Remember that we are told to work out our salvation with fear and trembling. I understand this to mean that I should be so fearful of harboring any sin against God, or valuing anything before Him, that I will not wait for the purifying fire to come to me, but that I will run to the altar of God, eager to burn away the old poison- and death-loving man; that in order to satisfy my God-breathed appetite for the life-giving, I will pursue Christ as the sole and greatest prize in a race that my life, joy, and eternity depend on.

Will you run with me?

A Better View

It is an amazing perspective to look on the sin in your life through the lens of contentment in Christ. Whatever urgent lust had seemed so impossibly attractive is revealed in its true form: a lie, spoken by a dead heart, believed by a frail mind, and acted upon by a corrupted will. The lie is this; that anything can feign to be as immensely satisfying as God himself.

Examine yourself, Christian. Expose yourself to the light and let your faults be clearly visible, that you may give them over to God. Look inward, unbeliever. Search out for yourself why it is that your consumption fails to satisfy - why it is that you must continually seek contentment, but are perpetually short of arriving there.

It is only God that will satisfy you - He is your highest calling.

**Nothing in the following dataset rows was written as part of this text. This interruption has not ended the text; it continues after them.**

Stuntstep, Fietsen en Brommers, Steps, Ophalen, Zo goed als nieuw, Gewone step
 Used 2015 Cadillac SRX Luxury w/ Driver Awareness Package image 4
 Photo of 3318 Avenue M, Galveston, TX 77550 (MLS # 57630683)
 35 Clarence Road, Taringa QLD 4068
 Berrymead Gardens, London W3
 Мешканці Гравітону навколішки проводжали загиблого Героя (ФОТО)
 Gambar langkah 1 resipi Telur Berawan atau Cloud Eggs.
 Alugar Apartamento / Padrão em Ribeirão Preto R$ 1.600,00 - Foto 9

Happiness is a Function of Living

...neither life nor happiness can be achieved by the pursuit of irrational whims. Just as man is free to attempt to survive in any random manner, but will perish unless he lives as his nature requires, so he is free to seek his happiness in any mindless fraud, but the torture of frustration is all he will find, unless he seeks the happiness proper to man. The purpose of morality is to teach you, not to suffer and die, but to enjoy yourself and live.

Ayn Rand, Atlas Shrugged

A Life to Emulate

Permit me, if I may, to reproduce here an excerpt from the biography George Müller of Bristol, by A.T. Pierson:

Think of a young convert, with such an ensnaring past to reproach and retard him, within these few years learning such advanced lessons in renunciation: burning his manuscript novel, giving up the girl the loved, turning this back on the seductive prospect of ease and wealth, to accept self-denial for God, cutting loose from dependence on his father and then refusing all stated salary lest his liberty of witness be curtailed, and choosing a simple expository mode of preaching, instead of catering to popular taste! Then mark how he fed on the word of God; how he cultivated the habits of searching the Scriptures and praying in secret; how he threw himself on God, not only for temporal supplies, but for support in bearing all burdens, however great or small; and how thus early he offered himself for the mission field and was impatiently eager to enter it. Then look at the sovereign love of God, imparting to him in so eminent a degree the childlike spirit, teaching him to trust not his own variable moods of feeling, but the changeless word of His promise; teaching him to wait patiently on Him for orders, and not to look to human authority or direction; and so singularly releasing him from military service for life, and mysteriously withholding him from the far-off mission field, that He might train him for his unique mission to the race and the ages to come!

These are a few of the salient points of this narrative, thus far, which must, to any candid mind, demonstrate that a higher Hand was moulding this chosen vessel on His potter's wheel, and shaping it unmistakably for the singular service to which it was destined!